» **Exercise goal**: Would you please copy each line of the listing that mentions "lounge"?

» **Input for this task**:
---
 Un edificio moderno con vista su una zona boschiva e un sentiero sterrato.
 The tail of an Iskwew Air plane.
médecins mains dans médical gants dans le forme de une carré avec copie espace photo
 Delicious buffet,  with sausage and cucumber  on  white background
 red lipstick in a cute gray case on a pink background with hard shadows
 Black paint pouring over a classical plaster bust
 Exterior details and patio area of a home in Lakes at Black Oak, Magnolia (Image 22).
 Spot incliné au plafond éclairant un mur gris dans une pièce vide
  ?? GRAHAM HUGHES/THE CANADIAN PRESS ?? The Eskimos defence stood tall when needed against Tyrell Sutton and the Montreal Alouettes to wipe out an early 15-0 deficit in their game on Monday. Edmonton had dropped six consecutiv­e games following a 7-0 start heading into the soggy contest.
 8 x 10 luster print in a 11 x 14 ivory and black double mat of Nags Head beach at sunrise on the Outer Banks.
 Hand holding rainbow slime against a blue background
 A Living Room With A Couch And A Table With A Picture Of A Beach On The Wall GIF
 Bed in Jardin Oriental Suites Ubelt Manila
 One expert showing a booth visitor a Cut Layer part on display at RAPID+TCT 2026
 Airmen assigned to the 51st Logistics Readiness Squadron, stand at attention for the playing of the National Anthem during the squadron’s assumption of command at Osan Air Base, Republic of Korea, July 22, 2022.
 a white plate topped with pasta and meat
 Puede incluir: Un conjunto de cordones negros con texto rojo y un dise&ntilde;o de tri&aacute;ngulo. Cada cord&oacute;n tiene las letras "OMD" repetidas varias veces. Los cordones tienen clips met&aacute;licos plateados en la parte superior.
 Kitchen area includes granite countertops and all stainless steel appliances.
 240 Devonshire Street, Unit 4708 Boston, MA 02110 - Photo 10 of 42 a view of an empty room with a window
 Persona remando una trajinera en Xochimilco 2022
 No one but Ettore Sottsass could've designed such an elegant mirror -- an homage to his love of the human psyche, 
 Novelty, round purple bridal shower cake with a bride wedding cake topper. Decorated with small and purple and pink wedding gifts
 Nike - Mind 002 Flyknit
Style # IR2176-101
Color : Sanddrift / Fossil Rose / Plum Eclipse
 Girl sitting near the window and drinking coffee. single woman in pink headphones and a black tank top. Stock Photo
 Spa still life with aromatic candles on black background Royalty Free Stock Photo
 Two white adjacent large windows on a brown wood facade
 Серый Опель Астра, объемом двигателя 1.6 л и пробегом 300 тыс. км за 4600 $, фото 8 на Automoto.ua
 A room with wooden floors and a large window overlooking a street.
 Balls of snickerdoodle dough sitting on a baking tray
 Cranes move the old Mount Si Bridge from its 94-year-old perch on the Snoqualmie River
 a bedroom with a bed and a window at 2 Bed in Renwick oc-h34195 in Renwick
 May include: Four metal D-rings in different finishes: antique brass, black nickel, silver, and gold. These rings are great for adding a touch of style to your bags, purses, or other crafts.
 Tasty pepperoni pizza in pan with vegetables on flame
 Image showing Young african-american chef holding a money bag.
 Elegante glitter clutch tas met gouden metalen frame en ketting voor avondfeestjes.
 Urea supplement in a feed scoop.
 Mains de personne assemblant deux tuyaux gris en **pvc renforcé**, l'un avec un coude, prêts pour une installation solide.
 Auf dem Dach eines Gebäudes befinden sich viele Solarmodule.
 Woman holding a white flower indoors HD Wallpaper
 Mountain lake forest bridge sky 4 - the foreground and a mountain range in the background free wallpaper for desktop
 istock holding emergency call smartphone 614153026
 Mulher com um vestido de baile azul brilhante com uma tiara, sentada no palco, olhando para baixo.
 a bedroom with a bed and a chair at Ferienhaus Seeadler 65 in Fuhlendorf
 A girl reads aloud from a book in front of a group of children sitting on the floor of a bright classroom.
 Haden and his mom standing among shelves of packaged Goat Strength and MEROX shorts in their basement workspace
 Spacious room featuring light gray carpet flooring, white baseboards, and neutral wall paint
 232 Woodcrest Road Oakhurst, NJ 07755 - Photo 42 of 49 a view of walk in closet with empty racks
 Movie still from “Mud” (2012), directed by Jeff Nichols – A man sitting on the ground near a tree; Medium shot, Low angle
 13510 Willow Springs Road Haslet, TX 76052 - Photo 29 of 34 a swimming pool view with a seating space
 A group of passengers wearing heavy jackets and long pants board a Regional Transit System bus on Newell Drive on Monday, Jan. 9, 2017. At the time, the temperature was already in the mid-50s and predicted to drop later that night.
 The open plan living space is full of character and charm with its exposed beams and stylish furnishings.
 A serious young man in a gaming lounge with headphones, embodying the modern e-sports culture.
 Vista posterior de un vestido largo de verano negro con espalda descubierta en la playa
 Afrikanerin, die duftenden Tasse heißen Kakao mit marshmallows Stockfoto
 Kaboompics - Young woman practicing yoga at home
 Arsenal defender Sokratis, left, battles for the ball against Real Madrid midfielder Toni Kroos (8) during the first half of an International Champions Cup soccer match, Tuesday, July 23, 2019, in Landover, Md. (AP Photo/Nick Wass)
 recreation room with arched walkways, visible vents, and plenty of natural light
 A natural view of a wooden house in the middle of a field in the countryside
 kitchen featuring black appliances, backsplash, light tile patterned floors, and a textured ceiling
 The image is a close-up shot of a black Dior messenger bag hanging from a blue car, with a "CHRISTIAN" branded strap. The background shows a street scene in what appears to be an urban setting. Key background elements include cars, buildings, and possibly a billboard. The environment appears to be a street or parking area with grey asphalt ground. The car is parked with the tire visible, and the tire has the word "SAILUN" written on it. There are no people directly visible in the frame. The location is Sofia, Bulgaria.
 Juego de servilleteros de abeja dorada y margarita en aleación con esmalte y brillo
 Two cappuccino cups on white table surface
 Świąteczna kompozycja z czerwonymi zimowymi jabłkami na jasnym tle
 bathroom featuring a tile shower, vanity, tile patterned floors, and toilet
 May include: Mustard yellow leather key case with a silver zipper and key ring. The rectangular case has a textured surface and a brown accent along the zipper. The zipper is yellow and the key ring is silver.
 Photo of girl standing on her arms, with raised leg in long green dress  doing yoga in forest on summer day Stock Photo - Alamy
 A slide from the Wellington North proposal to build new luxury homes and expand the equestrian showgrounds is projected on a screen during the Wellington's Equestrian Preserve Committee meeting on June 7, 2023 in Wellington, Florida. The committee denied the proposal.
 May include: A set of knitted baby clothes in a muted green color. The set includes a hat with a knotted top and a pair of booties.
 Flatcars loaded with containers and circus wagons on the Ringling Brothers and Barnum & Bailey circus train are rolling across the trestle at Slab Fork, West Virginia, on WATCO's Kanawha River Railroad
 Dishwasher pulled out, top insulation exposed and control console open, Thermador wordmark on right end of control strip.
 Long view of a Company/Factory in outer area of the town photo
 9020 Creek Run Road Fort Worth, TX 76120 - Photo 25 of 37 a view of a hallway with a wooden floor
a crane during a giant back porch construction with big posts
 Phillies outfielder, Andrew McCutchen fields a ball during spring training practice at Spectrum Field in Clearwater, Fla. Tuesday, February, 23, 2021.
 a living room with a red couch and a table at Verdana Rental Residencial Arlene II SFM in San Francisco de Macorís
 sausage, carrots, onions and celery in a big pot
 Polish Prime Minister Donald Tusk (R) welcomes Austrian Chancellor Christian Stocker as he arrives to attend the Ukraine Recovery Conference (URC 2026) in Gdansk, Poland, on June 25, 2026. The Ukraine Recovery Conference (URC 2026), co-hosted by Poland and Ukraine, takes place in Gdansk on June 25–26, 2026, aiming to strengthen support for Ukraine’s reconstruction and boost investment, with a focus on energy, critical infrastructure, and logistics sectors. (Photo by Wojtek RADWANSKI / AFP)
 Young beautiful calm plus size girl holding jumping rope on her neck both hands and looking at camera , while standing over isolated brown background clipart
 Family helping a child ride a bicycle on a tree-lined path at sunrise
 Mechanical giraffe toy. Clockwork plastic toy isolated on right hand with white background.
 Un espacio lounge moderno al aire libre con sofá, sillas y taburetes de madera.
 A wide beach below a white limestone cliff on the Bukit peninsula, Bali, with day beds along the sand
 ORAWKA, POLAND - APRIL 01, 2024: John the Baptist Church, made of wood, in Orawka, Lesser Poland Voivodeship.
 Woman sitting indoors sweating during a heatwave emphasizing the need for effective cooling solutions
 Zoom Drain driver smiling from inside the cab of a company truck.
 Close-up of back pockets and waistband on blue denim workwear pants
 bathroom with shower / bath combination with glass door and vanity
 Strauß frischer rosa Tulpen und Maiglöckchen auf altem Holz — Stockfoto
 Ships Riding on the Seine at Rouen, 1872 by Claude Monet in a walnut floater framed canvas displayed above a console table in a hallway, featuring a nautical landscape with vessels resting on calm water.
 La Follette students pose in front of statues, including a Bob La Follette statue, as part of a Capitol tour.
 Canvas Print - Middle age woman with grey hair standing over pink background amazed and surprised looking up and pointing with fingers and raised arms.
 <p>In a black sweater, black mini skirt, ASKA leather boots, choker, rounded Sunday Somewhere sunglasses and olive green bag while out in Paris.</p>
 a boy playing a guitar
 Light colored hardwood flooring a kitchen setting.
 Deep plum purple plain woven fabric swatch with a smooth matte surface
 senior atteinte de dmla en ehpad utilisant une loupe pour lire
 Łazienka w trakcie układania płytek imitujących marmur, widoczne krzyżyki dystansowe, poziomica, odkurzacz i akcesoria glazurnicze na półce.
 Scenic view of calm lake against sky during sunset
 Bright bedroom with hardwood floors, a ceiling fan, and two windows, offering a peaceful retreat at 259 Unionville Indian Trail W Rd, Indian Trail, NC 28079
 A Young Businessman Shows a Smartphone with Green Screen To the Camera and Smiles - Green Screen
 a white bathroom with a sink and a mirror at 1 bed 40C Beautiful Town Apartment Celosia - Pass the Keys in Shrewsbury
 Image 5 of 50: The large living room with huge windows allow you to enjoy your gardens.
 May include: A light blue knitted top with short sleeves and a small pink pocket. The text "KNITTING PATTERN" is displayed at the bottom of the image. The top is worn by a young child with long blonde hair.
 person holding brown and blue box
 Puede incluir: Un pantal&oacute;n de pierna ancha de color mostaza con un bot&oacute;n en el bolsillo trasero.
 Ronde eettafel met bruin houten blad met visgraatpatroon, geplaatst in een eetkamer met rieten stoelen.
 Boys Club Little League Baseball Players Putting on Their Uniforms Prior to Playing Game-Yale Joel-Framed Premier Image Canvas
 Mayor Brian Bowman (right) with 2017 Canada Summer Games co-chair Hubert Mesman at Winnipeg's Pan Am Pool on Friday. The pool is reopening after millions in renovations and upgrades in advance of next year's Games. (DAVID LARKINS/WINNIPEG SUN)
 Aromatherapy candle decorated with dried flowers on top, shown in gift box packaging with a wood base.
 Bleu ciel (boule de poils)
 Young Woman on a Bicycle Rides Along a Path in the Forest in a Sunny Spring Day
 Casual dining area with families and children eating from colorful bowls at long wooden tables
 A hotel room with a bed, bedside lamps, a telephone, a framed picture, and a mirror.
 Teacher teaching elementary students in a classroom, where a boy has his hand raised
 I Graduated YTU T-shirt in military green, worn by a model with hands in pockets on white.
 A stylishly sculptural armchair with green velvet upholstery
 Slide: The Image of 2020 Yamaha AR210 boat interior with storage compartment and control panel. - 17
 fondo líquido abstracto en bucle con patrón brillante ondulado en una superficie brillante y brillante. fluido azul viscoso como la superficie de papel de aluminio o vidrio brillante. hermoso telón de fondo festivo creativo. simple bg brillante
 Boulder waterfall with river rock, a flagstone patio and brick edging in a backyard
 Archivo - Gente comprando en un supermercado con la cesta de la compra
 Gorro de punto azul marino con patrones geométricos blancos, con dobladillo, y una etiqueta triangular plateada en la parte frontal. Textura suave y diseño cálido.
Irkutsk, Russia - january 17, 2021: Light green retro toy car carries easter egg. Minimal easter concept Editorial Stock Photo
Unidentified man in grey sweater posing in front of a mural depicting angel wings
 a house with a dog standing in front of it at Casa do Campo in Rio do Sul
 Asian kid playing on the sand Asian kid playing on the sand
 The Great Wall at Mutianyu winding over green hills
---
» **Response area**:
 A serious young man in a gaming lounge with headphones, embodying the modern e-sports culture.
 Un espacio lounge moderno al aire libre con sofá, sillas y taburetes de madera.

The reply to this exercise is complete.